В PHP 7.3.33 и Apache 2.4 Я хочу запустить iptables из PHP (среда веб-сервера), чтобы заблокировать/разблокировать IP-адреса из командной строки, это отлично работает:
/usr/sbin/iptables --insert INPUT --source example.com --jump DROP
Но если я попробую с PHP с этим кодом:
exec('/usr/sbin/iptables --insert INPUT --source example.com --jump DROP', $return);
print_r($return);
Я получаю пустой результат, и правило iptables не добавляется:
Array
(
)
Однако путь iptables кажется правильным, и iptables запускается, потому что --help команда возвращает содержимое, так почему же тогда указанная выше команда не работает?

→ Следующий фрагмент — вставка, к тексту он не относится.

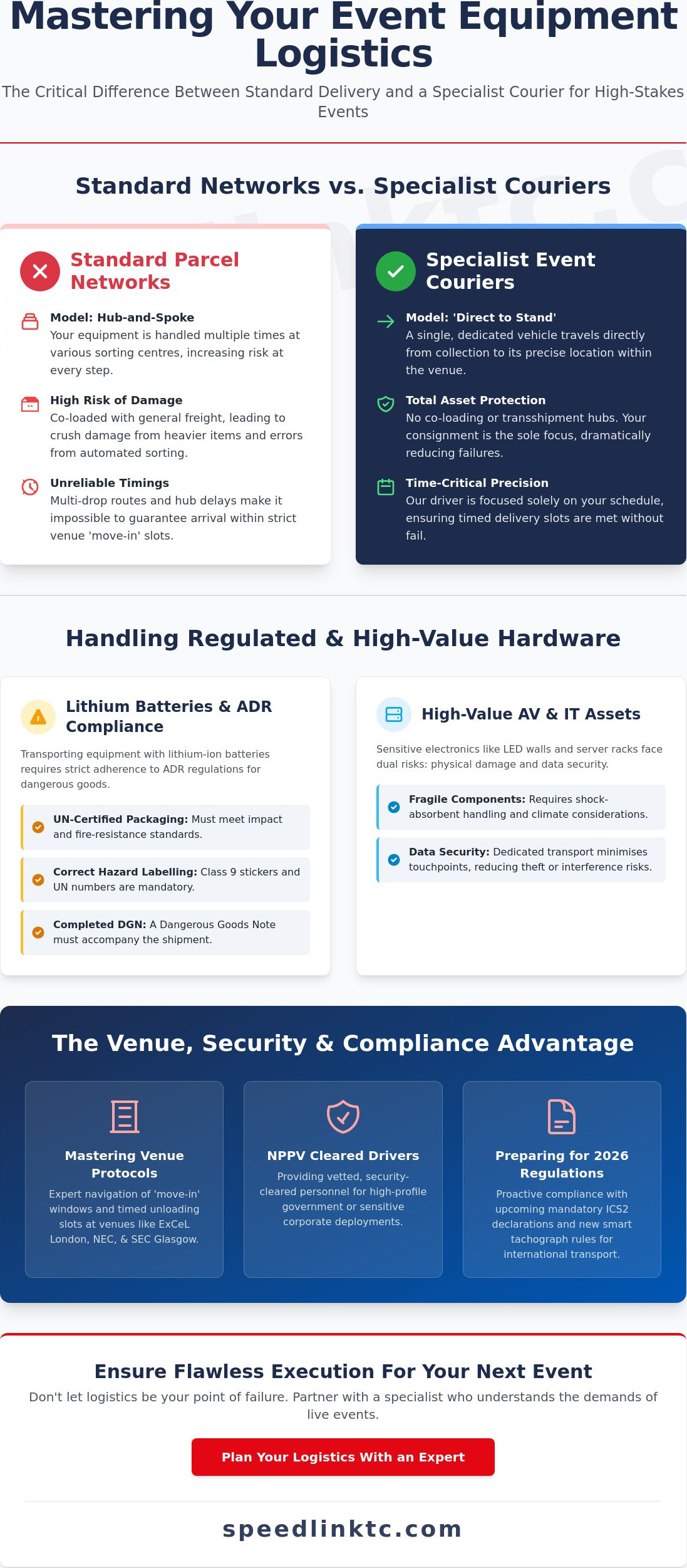 Event Equipment Courier UK: A Strategic Guide to High-Stakes Logistics 2026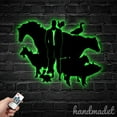 thumbnail image 1 of Handmadetneonsign Personalized Animal Rescuer Metal Wall Art LED Light, Shelter Attendant Sign, 1 of 5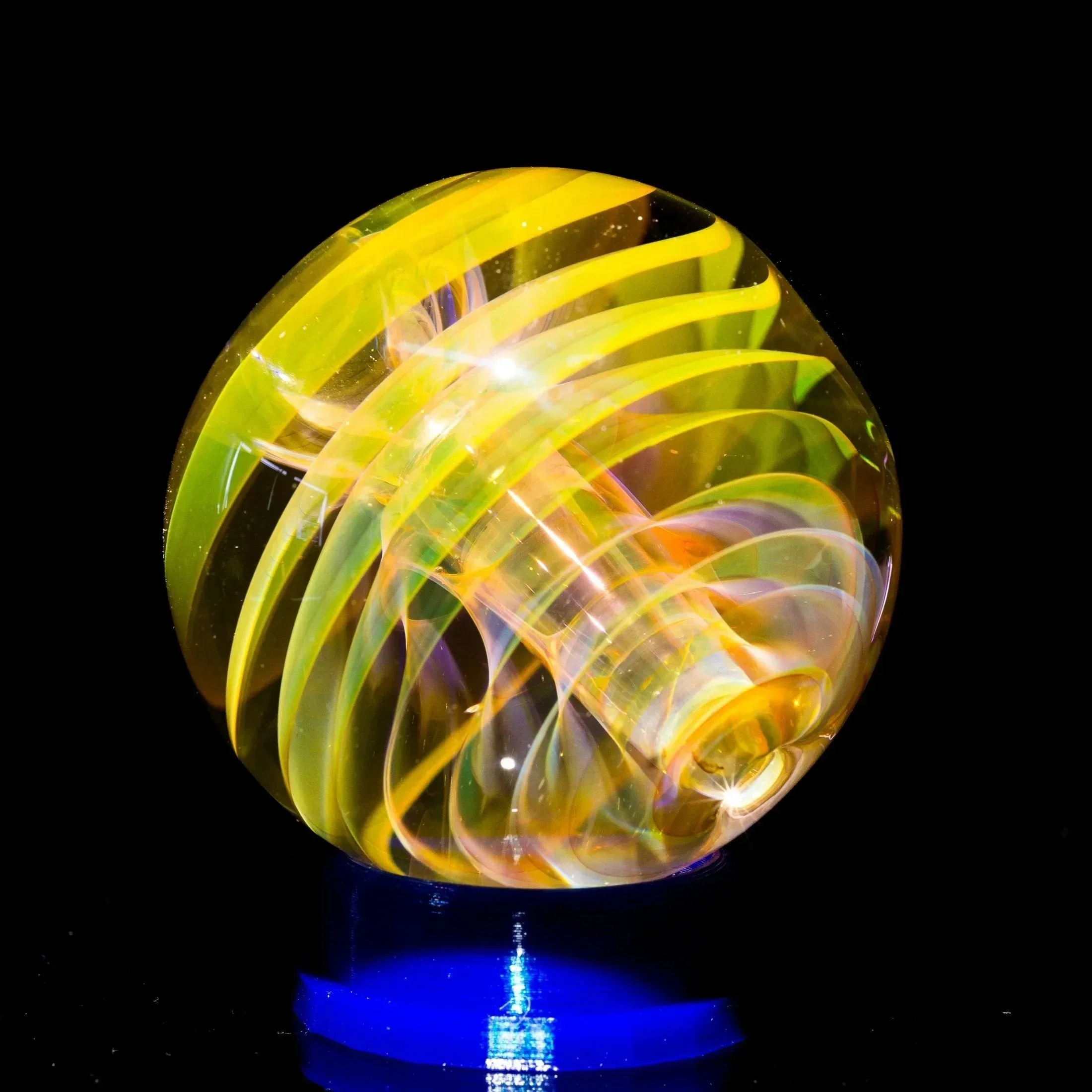 Firekist Glass - Fume Collapse Marble Pipe 1 - Image 4
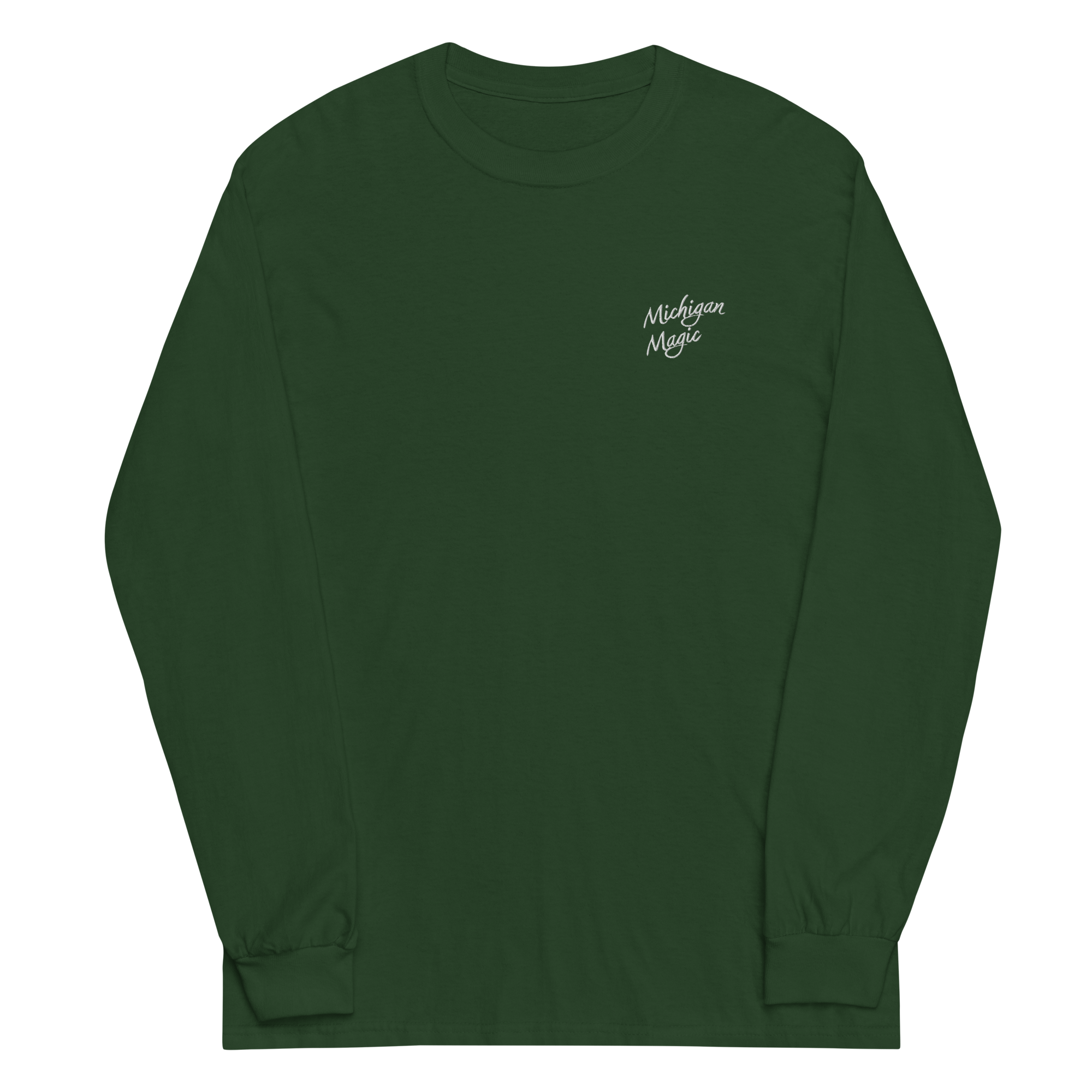 Michigan Magic Catch A Carp Long Sleeve Tee Forest Green 2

exec('/usr/sbin/iptables --help', $return);
print_r($return);
Array
(
[0] => iptables v1.8.4
[1] =>
[2] => Usage: iptables -[ACD] chain rule-specification [options]
[3] => iptables -I chain [rulenum] rule-specification [options]
[4] => iptables -R chain rulenum rule-specification [options]
[5] => iptables -D chain rulenum [options]
[6] => iptables -[LS] [chain [rulenum]] [options]
[7] => iptables -[FZ] [chain] [options]
[8] => iptables -[NX] chain
[9] => iptables -E old-chain-name new-chain-name
[10] => iptables -P chain target [options]
[11] => iptables -h (print this help information)
[12] =>
[13] => Commands:
[14] => Either long or short options are allowed.
[15] => --append -A chain Append to chain
[16] => --check -C chain Check for the existence of a rule
[17] => --delete -D chain Delete matching rule from chain
[18] => --delete -D chain rulenum
[19] => Delete rule rulenum (1 = first) from chain
[20] => --insert -I chain [rulenum]
[21] => Insert in chain as rulenum (default 1=first)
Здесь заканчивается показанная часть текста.